In an ancient story from China, traps were set for monkeys by hollowing out a coconut the size of a monkey’s open hand and placing rice in it. When the monkey fisted the rice, its hand could no longer fit back out through the opening. The monkeys that were caught were those who would not let go of the rice—becoming prisoners of their own making.
I read this allegory in Mark Nepo’s Book of Awakening on March 7—the day I could not get up off the floor and later fainted from the pain in my low back.
Ever wise, Nepo asks: What is our rice and what is keeping us from opening our grip and letting it go? For Nepo, it was his mother’s elusive love and approval: “I realized that had been my rice—the more it has not come, the tighter my grip…my hunger for love has always been the master of my reach.”
As I pondered this, lying stiffly on my back in bed, the word that floated up was “control.”

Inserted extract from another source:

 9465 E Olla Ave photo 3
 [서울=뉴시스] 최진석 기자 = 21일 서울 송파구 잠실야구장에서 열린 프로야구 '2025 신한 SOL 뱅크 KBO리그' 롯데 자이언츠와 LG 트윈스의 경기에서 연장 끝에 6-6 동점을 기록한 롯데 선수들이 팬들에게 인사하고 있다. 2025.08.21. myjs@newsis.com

Control was my rice—wanting something to be different. This longed for new chapter in Barcelona—this third act on the threshold of age 65—was going to go exactly as planned if I had anything to do with it. I would accomplish the move to Spain, find a place to live, continue to work on my work projects and creative writing including the novel I’m trying to publish and be absolutely ready to travel to South America for a month, including an ascent of Machu Picchu. And why wouldn’t all this be in my control?, I told myself. Mind over matter has always been my mantra.
Instead my body, my low back in particular, was letting me down precisely when I needed it most. I desperately wanted things to be different. The more I held tightly to the idea that I could control this situation and somehow survive a 12-hour flight to Lima, Peru, the more my body protested—until the day I couldn’t get off the floor.

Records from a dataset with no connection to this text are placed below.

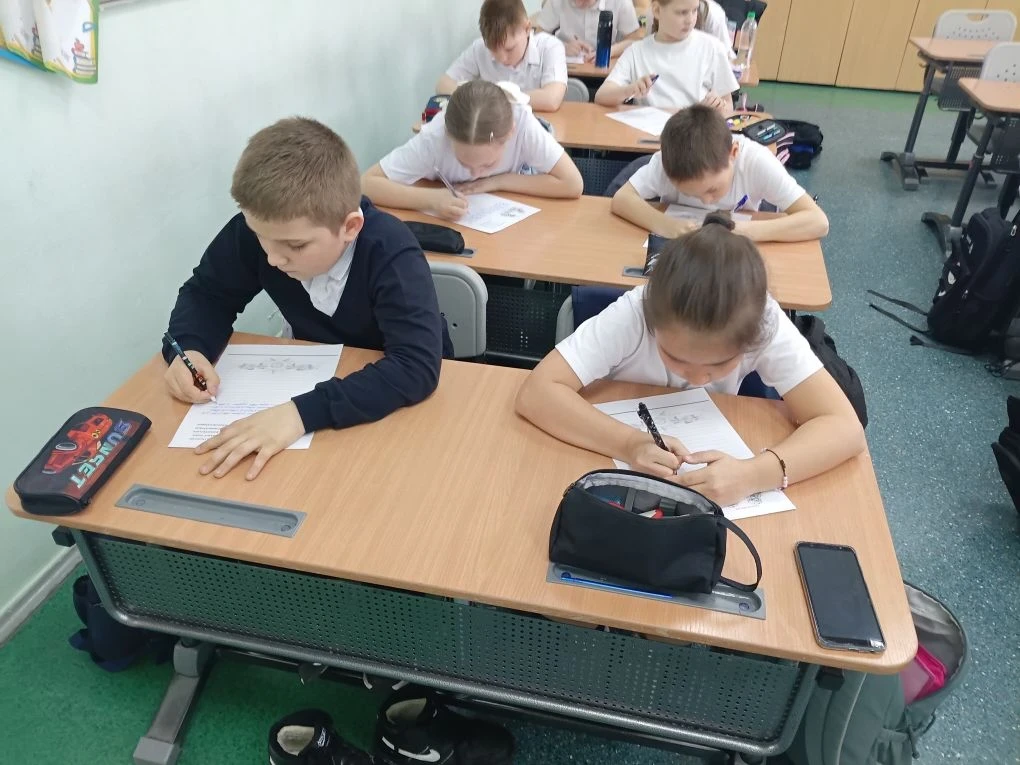 Вчера, для учеников 4 «б» класса состоялась важная встреча с председателем совета ветеранов с. Глилё
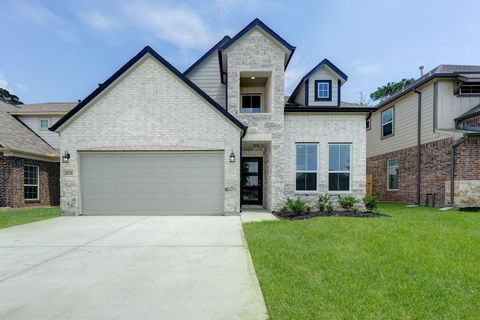 Photo of 2004 Sugarberry Gully Lane, Conroe, TX 77301 (MLS # 22976709)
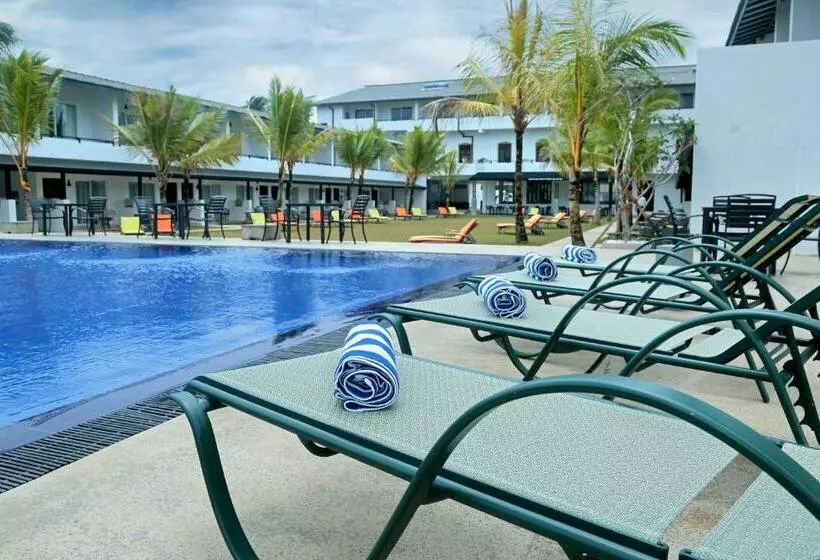 ホテル Coco Royal Beach Resort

My yoga therapist, myofascial release therapist and friend Michelle Andrie, an author and expert in the energy body I have interviewed here, teaches that there are four root causes of low back pain: anger, fear, control and stress. When low back pain is centered in the piriformis muscle, as it is for me, it is about “wanting to control something you wish was different than it is…responding to signals from the brain when we desire a change, either internally or externally,” Michelle teaches.
There can be no change without healing. And healing requires an act of surrender. To let go of the rice. To let go of control—the idea that healing with happen on a specific timetable in a specific way. To cultivate patience and curb my thinking around scarcity of time and opportunity. To open myself to the possibility that I can feed myself in ways I’ve yet to discover, in this, my Year of Discovery.

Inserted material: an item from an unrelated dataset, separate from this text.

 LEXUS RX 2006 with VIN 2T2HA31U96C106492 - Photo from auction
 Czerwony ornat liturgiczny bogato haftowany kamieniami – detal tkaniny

Your prompt: Are you a control freak, like me? What is your rice? What do you think lies beneath this desire and need for control? What would the risks and rewards of letting go look like for you?
Lesson #4: Embrace rest as its own act of resistance.
I grew up with a mother who seldom sat still. She was a homemaker busy raising three children in the 1960s while my father worked long hours in New York City, arriving home by commuter train when we were fed, bathed and ready for bed. When we were old enough, she began working part-time out of the home. Rest was not a concept that I believe my mother thought about a lot. It probably felt like a luxury to her. I certainly can’t remember her ever taking a nap.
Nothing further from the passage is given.